Además, en las cárceles se tiende a reafirmar el rol estereotipado asignado socioculturalmente a las mujeres. Por un lado, acostumbran a ser sancionadas en mayor medida que los hombres por la idea preconcebida de la “docilidad femenina”, lo que perjudica su acceso a los permisos de salida o al tercer grado. Así, la mayoría de los programas están dirigidos a proteger su condición de madres, pero no a fomentar su autonomía mediante una especialización laboral, una actividad física cotidiana y su desarrollo cultural, todos ellos aspectos más comunes en sus homólogos masculinos. Por otro lado, las actividades ocupacionales suelen estar asociadas a las tareas domésticas (cocina, lavandería y limpieza), trabajos notoriamente menos cualificados y peor retribuidos tanto en la cárcel como en libertad. A esto se une el rechazo social por no haber cumplido con el rol que se esperaba de ella (exclusivamente el de mujer, madre y principal responsable de la familia) en base a los citados estereotipos. Los factores mencionados contribuyen a que la reinserción social posterior presente una mayor dificultad para las mujeres, aumentando el riesgo de reincidencia.

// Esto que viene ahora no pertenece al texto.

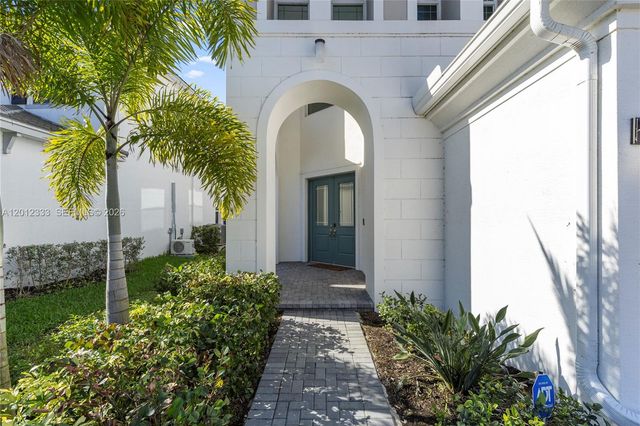 14174 Gray Bark Bnd, Westlake, FL 33470
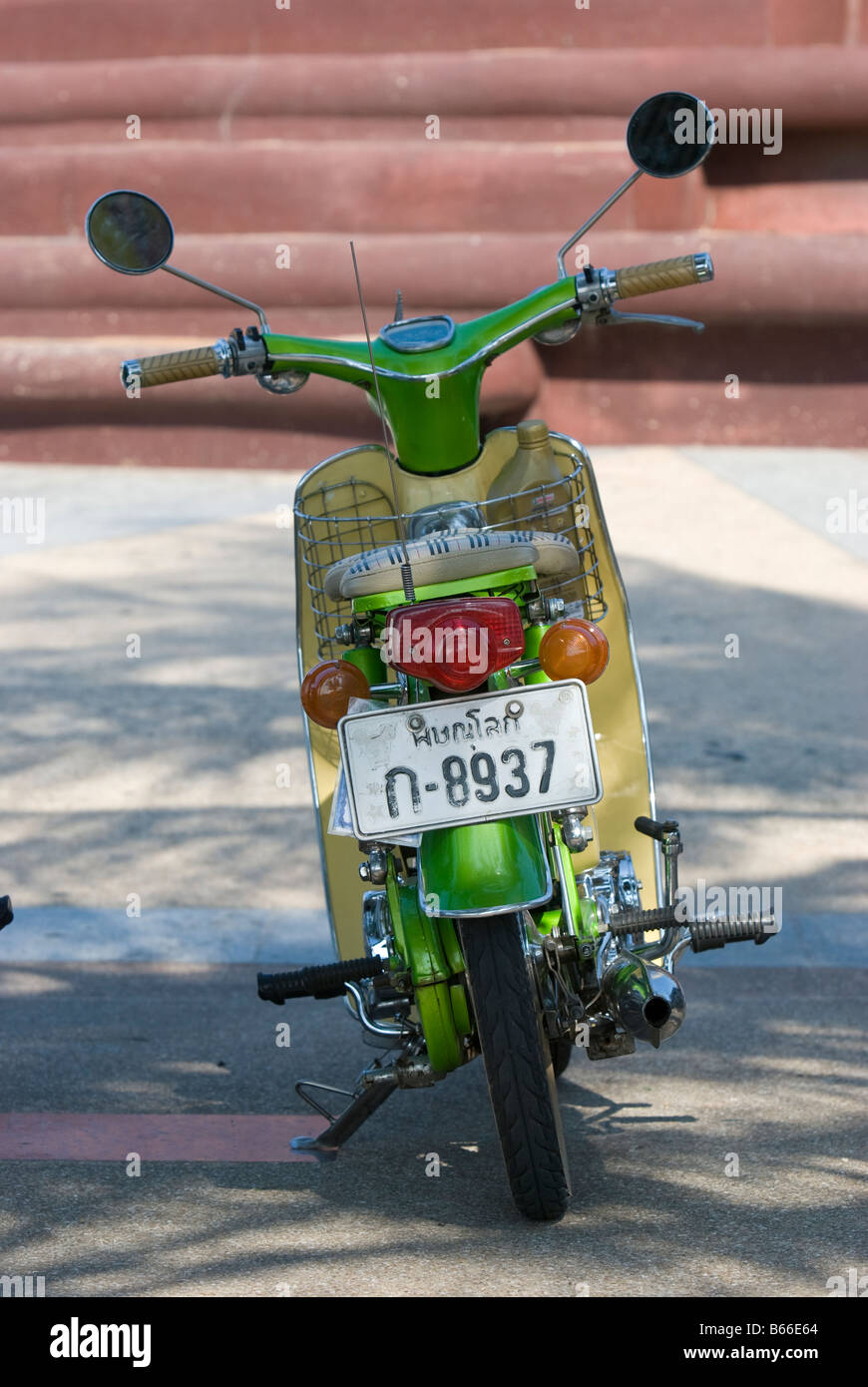 Honda 70 motorbike hi-res stock photography and images - Alamy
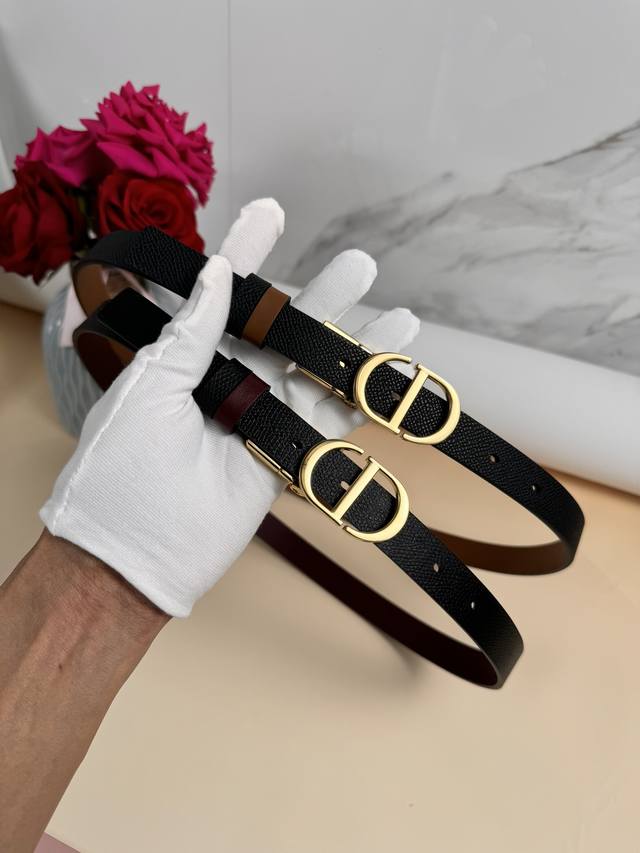 迪奥女士2.0Cm双面腰带 进口牛皮 品质保证 时尚简约百搭款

Como hemos visto, el caso de las mujeres infractoras es una muestra más de la permanencia de la desigualdad de género todavía existente en pleno siglo XXI, a la que se le añade como agravante el desconocimiento social de esta problemática. Aun siendo conscientes de las diferencias socioculturales y de capacidades de cada país, tanto los estados que más esfuerzos han realizado para responder a las necesidades de las reclusas como los que todavía no han abordado esta cuestión, deberían reexaminar las políticas sociales y medidas penitenciarias con un prisma no sesgado y en perspectiva de género. Desde un punto de vista sociológico, es importante continuar estrechando la brecha salarial y fomentar el acceso a la educación y al mercado laboral a las personas con menos recursos, contribuyendo a reducir la vinculación pobreza-criminalidad. Por lo que respecta al entorno penitenciario, sería necesario respetar el principio de proximidad al entorno familiar de las mujeres, lo que se podría traducir en la construcción de unidades penitenciarias específicas donde reubicarlas, cualquiera que sea su régimen penitenciario. En el caso de mujeres embarazadas o con hijos de corta edad, podría permitírseles cumplir la condena en arresto domiciliario, tal y como ya ocurre en Italia. Finalmente, sería oportuno trabajar en el desarrollo personal de las mujeres más allá de la dimensión que se les atribuye como cuidadora del hogar, haciendo un ejercicio de mediación familiar cuando sea posible tanto para conseguir el mínimo deterioro posible de los lazos afectivos existentes entre las presas y sus familiares como para posibilitar a las internas la intervención en la reestructuración de su entorno familiar y, por último, asegurar un mínimo de puestos en todos los trabajos y actividades disponibles en la cárcel, emitiendo certificados de oficialidad para así facilitar su futura reinserción laboral.